§ **Work instruction**
Copy out exactly the lines from the one containing "5 stuks Phlomis russeliana" to the end of the records below, both included, and nothing else.

(Entries supplied)

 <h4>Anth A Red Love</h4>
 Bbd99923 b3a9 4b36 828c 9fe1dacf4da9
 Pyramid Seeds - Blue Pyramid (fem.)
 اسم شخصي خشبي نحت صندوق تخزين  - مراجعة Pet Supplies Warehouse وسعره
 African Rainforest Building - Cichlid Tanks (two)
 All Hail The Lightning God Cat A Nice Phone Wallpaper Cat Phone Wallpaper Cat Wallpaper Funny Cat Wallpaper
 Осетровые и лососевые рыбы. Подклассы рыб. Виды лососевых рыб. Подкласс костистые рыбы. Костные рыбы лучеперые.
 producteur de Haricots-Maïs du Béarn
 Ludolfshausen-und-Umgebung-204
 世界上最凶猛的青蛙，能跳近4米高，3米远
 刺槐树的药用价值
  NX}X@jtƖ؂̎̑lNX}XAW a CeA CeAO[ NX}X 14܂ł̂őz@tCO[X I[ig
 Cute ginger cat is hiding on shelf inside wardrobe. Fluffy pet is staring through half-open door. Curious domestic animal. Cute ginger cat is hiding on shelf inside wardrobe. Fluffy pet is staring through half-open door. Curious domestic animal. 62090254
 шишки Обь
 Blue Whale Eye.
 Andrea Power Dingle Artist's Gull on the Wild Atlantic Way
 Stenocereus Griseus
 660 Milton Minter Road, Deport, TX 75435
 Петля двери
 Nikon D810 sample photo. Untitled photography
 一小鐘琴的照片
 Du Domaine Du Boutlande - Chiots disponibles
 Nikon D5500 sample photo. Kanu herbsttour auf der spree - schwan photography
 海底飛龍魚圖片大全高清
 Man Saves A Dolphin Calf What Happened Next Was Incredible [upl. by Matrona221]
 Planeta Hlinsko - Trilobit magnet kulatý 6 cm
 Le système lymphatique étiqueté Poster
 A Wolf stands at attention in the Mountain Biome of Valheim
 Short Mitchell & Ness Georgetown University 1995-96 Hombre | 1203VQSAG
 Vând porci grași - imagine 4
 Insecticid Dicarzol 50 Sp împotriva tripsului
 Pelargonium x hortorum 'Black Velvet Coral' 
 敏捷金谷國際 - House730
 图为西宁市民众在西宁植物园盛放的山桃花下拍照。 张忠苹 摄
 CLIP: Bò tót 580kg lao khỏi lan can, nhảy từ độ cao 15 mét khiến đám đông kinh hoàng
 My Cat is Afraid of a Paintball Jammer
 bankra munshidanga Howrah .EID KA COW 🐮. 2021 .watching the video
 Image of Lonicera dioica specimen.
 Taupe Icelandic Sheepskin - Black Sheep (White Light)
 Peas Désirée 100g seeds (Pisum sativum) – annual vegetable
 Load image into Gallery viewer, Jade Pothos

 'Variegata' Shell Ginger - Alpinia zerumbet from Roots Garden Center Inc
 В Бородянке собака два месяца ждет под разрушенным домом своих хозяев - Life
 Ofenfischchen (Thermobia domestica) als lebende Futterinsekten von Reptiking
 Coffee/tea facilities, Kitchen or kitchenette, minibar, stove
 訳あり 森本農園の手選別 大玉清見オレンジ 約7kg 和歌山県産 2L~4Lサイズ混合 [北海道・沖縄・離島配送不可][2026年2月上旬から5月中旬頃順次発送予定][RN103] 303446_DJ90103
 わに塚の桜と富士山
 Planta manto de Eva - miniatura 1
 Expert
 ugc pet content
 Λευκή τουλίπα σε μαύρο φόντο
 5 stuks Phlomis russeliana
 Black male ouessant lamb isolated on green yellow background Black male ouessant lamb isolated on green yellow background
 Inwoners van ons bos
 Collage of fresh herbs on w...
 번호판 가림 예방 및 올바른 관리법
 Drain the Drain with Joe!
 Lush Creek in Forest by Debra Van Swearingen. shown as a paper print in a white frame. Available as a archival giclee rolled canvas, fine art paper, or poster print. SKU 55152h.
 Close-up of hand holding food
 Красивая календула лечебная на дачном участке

(End Entries supplied)

§ **Result**
 5 stuks Phlomis russeliana
 Black male ouessant lamb isolated on green yellow background Black male ouessant lamb isolated on green yellow background
 Inwoners van ons bos
 Collage of fresh herbs on w...
 번호판 가림 예방 및 올바른 관리법
 Drain the Drain with Joe!
 Lush Creek in Forest by Debra Van Swearingen. shown as a paper print in a white frame. Available as a archival giclee rolled canvas, fine art paper, or poster print. SKU 55152h.
 Close-up of hand holding food
 Красивая календула лечебная на дачном участке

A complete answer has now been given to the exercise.